Droner ('95) in his beautiful studies on the mechanism of mitosis has advanced a step beyond Hermann, maintaining that the progressive divergence of the spindle-poles is caused by an active growth or elongation of the central spindle which goes on throughout the whole period from the earliest prophases until the close of the anaphases. This view is supported by the fact that the central spindle-fibres are always contorted during the metaphases, as if pushing against a resistance ; and, as Richard Hertwig points out ('95), it harmonizes with the facts observed in the mitoses of infusorian nuclei. The same view is adopted by Braus and by Reinke. Flemming ('95) is still inclined, however, to the view that the divergence of the centres may be in part caused by the traction of the antipodal fibres, as maintained by Van Beneden and Boveri.

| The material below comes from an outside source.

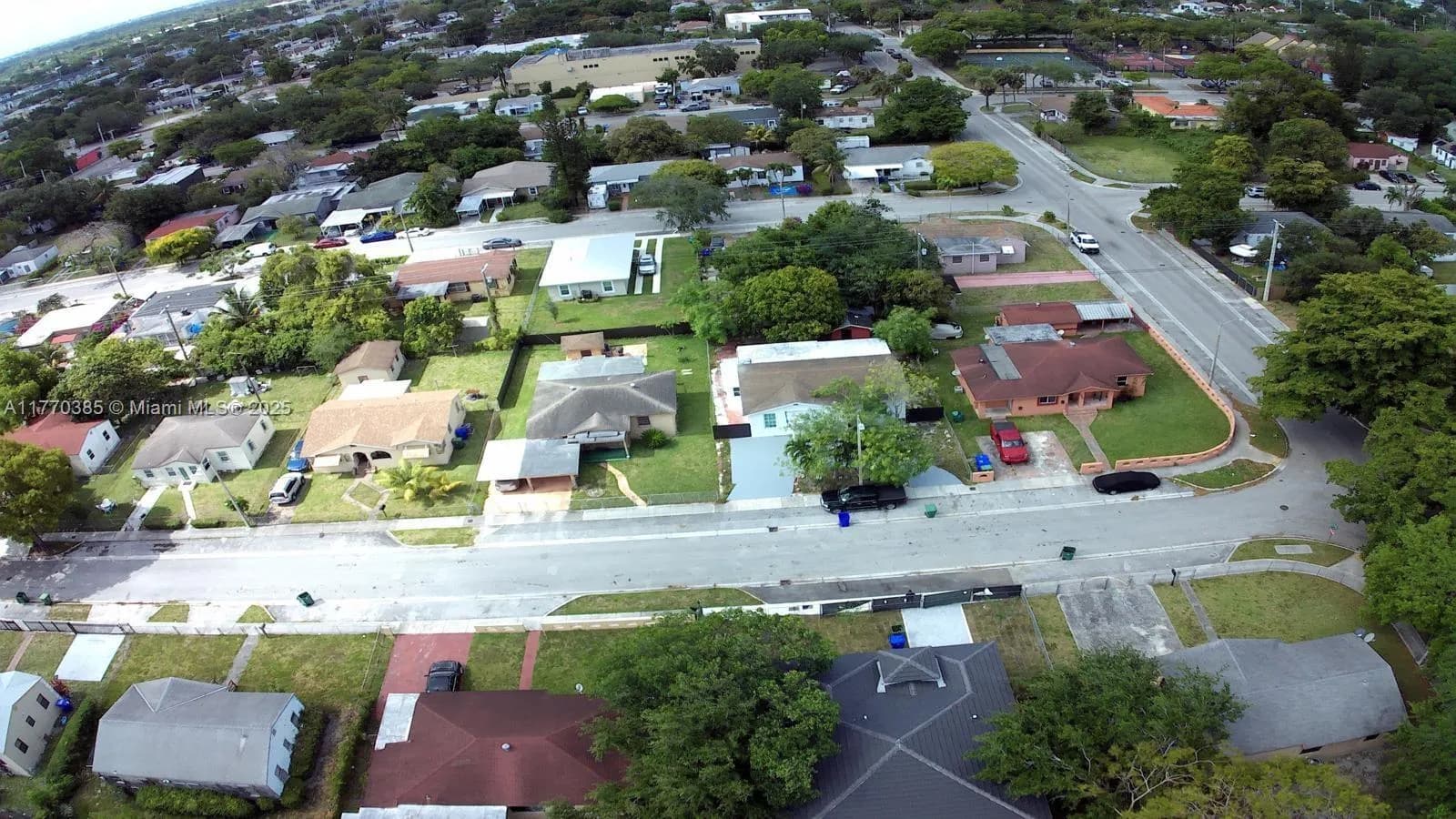 1015 NW 59th St, Miami FL 33127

Heidenhain, finally, while accepting the contractility-hypothesis, ascribes only a subordinate role to an active physiological contractility of the fibres. The main factor in mitosis is ascribed to elastic tension of the astral rays which are attached at one end to the centrosome, at the other to the cell-periphery. By turgor of the cell the rays are passively stretched, thus causing divergence of the spindle-poles and of the daughter-chromosomes to which the spindle-fibres are attached. An active contraction of the fibres is only invoked to explain the closing phases of mitosis.

(b) Other Theories. — Watase's ingenious theory of mitosis ('93) is exactly the opposite of Van Beneden's, assuming that the spindlefibres are not pulling but pushing agents, the daughter-chromosomes being forced apart by continually lengthening fibres which grow out from the centres and dovetail in the region of the interzonal fibres. Each daughter-chromosome is therefore connected with fibres from the aster, not of its own, but of the opposite side. This view is, I believe, irreconcilable with the movements of chromosomes observed in multiple asters, and also with those that occur during the fertilization of the egg, where the chromosomes are plainly drawn towards the astral centres and not pushed away from them.